That’s right –– only 400 people signed up for Aaron Greenspan’s website. For comparison, Facebook has 2.7 billion monthly active users today. So after the dramatic failure of the houseSYSTEM launch, Greenspan started emailing other students begging them to join the site. In particular, he targetted other students developing web applications at Harvard at the time. One of those students Aaron emailed ended up becoming a much more successful businessperson than Aaron ever could be.

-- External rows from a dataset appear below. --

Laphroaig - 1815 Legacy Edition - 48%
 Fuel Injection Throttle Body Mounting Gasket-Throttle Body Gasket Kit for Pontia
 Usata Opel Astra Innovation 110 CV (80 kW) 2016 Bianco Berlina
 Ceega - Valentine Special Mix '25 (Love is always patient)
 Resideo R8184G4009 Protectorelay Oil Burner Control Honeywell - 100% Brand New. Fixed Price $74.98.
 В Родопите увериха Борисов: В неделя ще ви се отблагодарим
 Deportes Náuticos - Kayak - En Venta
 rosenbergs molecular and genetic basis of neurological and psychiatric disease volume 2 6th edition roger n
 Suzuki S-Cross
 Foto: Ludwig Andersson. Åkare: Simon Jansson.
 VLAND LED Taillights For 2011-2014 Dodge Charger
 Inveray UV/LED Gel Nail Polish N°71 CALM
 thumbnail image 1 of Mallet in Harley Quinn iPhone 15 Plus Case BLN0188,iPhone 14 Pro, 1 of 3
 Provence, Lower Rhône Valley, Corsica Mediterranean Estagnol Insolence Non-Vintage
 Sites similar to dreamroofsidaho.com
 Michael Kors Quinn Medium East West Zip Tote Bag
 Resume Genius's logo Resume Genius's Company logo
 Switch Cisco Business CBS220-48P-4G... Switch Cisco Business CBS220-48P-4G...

Maybe you’ve heard of him before: His name was Mark Zuckerberg.

Date: Thu, 18 Sep 2003 22:18:53 -0400

From: Harvard College SEC <[email protected]>
To: [email protected]
Subject: CourseMatch.com

Mark,
Neat site. It’s pretty similar to what we’ve been working on with houseSYSTEM. I don’t know if you’ve seen it yet…http://www.kirkland.harvardsec.org.

Aaron Greenspan
President
Harvard College Student Entrepreneurship Council

Aaron Greenspan’s Timeline of Events

Despite Greenspan reaching out to Zuckerberg about CourseMatch.com, Mark didn’t care to respond.

The next day, Aaron Greenspan added a new section to the houseSYSTEM site called “houseSYSTEM Face Book”. “Face Book” was a generic term that referred to the book of student photos distributed at Harvard. According to The New York Times, the term had been used as early as 1902.

Have you ever wanted to find someone in another house? How about a freshman? Ever been frustrated by house web site restrictions? Do these kinds of questions at all remind you at all of cheesy infomercials?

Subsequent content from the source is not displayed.